** Opening STORED DATA block **
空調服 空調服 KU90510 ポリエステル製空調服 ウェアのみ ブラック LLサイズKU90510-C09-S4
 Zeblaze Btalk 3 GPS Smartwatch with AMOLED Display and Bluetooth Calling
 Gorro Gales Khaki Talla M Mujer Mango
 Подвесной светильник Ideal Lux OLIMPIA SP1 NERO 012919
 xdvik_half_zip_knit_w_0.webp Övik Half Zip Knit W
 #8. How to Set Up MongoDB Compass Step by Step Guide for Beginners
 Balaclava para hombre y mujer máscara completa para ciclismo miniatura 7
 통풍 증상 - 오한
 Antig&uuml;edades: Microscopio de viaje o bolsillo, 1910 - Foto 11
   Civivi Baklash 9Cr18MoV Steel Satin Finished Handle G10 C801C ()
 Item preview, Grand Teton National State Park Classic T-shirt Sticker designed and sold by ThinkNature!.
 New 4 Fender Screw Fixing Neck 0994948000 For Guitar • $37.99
** Closing STORED DATA block **
● TASK REQUIREMENTS: Write an exact transcription of every entry above.

● ANSWER BOX:
空調服 空調服 KU90510 ポリエステル製空調服 ウェアのみ ブラック LLサイズKU90510-C09-S4
 Zeblaze Btalk 3 GPS Smartwatch with AMOLED Display and Bluetooth Calling
 Gorro Gales Khaki Talla M Mujer Mango
 Подвесной светильник Ideal Lux OLIMPIA SP1 NERO 012919
 xdvik_half_zip_knit_w_0.webp Övik Half Zip Knit W
 #8. How to Set Up MongoDB Compass Step by Step Guide for Beginners
 Balaclava para hombre y mujer máscara completa para ciclismo miniatura 7
 통풍 증상 - 오한
 Antig&uuml;edades: Microscopio de viaje o bolsillo, 1910 - Foto 11
   Civivi Baklash 9Cr18MoV Steel Satin Finished Handle G10 C801C ()
 Item preview, Grand Teton National State Park Classic T-shirt Sticker designed and sold by ThinkNature!.
 New 4 Fender Screw Fixing Neck 0994948000 For Guitar • $37.99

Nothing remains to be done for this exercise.